It's not all that often that three different High Gear Media editors test-drive the same model within a few weeks of each other, but that's what happened with the 2011 Honda CR-Z two-seat hybrid sports coupe.
First, editorial director Marty Padgett got our first drive in June and wrote it up for our sister site Green Car Reports.
Then, last week, Bengt Halvorson drove the 2011 CR-Z in Portland, covering it here on The Car Connection, and discussing whether 38 miles per gallon can realistically be considered "disappointing".
Finally, we drove it over a four-day weekend and offered our assessment yesterday on Green Car Reports again.
But since the drive is fresh in mind for all three of us, we thought we'd put together a quick roundtable to compare and contrast our impressions.
Overall, what three adjectives describe the 2011 Honda CR-Z?

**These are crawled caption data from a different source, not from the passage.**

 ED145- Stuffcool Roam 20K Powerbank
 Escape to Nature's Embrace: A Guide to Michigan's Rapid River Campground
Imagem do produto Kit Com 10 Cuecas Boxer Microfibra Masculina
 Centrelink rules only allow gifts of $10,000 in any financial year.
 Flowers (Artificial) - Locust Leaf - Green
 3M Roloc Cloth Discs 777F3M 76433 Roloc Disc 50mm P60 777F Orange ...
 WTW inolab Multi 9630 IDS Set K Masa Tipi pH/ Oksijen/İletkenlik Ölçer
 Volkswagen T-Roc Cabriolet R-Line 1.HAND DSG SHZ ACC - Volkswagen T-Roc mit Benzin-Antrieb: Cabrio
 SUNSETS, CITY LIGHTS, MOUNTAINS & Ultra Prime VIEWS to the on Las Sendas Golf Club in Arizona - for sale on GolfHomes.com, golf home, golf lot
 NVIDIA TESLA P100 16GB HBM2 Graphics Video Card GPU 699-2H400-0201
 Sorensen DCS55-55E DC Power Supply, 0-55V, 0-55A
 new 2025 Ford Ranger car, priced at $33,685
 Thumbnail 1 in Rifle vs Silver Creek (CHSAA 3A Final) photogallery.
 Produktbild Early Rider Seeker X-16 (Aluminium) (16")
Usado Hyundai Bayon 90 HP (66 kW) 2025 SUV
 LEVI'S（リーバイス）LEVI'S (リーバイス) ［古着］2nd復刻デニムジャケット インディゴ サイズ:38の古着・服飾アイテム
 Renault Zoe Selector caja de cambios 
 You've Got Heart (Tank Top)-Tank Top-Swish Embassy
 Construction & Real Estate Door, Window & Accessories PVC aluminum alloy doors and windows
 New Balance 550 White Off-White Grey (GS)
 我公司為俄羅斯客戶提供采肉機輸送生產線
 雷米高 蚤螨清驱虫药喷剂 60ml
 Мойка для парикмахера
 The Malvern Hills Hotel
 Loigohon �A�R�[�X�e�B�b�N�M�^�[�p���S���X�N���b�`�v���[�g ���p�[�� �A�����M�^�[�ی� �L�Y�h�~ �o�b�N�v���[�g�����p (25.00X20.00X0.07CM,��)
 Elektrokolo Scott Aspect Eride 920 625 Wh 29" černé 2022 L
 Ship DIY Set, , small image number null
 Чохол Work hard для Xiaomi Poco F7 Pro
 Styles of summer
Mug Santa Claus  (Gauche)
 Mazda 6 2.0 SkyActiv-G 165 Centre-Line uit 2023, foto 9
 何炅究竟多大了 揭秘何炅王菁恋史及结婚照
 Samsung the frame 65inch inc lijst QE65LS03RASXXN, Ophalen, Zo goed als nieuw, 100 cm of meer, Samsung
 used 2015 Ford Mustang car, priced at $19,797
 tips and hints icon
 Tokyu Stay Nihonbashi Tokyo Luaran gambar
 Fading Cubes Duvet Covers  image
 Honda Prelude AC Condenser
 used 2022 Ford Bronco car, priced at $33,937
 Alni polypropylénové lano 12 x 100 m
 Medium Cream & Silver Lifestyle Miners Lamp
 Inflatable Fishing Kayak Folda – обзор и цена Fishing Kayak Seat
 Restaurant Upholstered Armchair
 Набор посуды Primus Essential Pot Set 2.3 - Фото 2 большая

Marty Padgett: Uninspiring, overstyled, misdirected.
Bengt Halvorson: Sporty in appearance, frugal in execution, compromised overall.
John Voelcker: Attractive (exterior), surprisingly nice (inside), fun (to drive).
What surprised you about the CR-Z?
MP: That hard driving could actually push mileage below 30 mpg. At these levels, I think I'd rather have a Jetta TDI that handles better and to me, looks better.
BH: Especially in Sport mode, it feels much sportier than the first wave of reviews had led me to suspect. I also suspected that driving the CR-Z in a spirited way would return much less than the 38 mpg I observed.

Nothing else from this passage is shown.